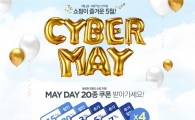 롯데百, 100억원 물량 최대 50% 할인
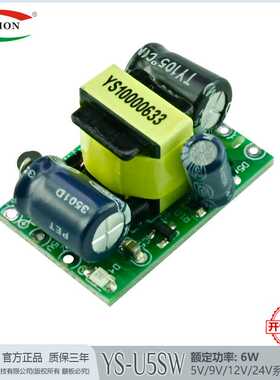 12V450mA裸板开关电源模块5V9V24V 5W小家电电源过温保护质保3年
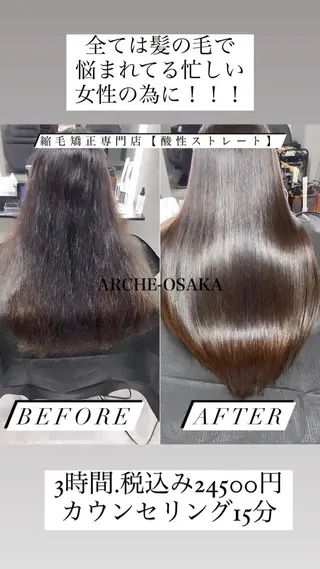 ロング ARCHE-OSAKA所属・髪質改善サロン 南船場　みおのヘアスタイル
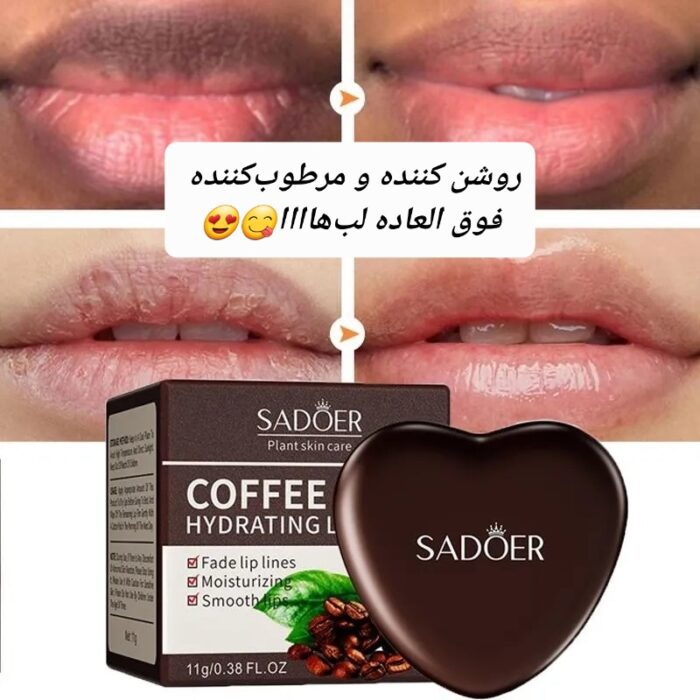 بالم لب قهوه - Image 2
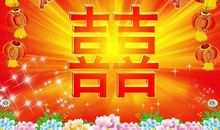 未来10天偏财旺盛，有望事业有成，有望喜添贵子的三生肖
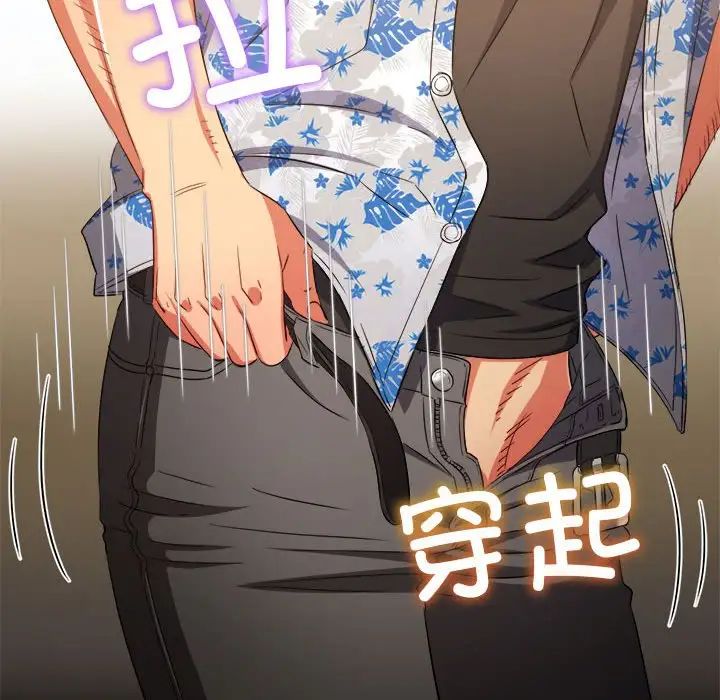 《难缠小恶女》漫画 第175話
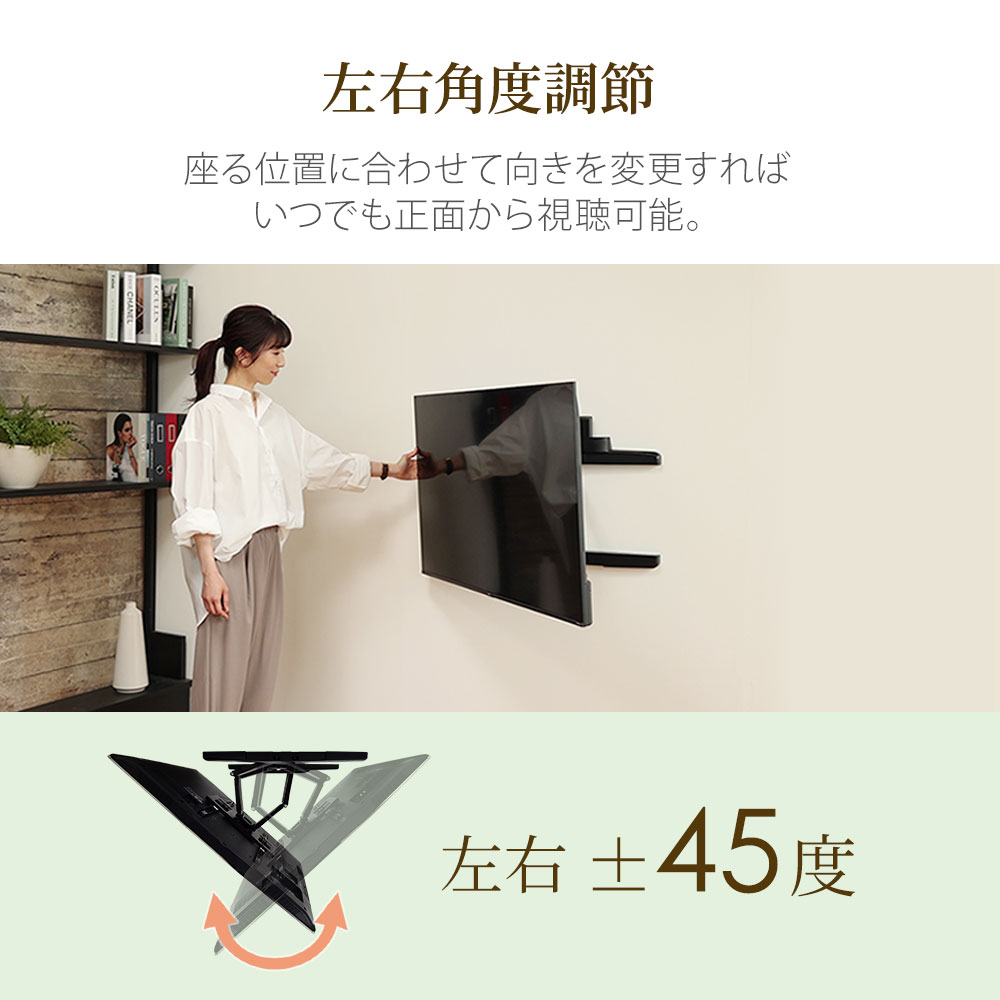 テレビ 壁掛け 金具 壁掛けテレビ 収納付き 37-65インチ対応 TV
______
Could the lines from the one with "بالم لب قهوه - Image 2" through the last line of the material above be written out exactly, both included, with pictures left out?

Completed task =
 بالم لب قهوه - Image 2
 未来10天偏财旺盛，有望事业有成，有望喜添贵子的三生肖
 《难缠小恶女》漫画 第175話
 テレビ 壁掛け 金具 壁掛けテレビ 収納付き 37-65インチ対応 TV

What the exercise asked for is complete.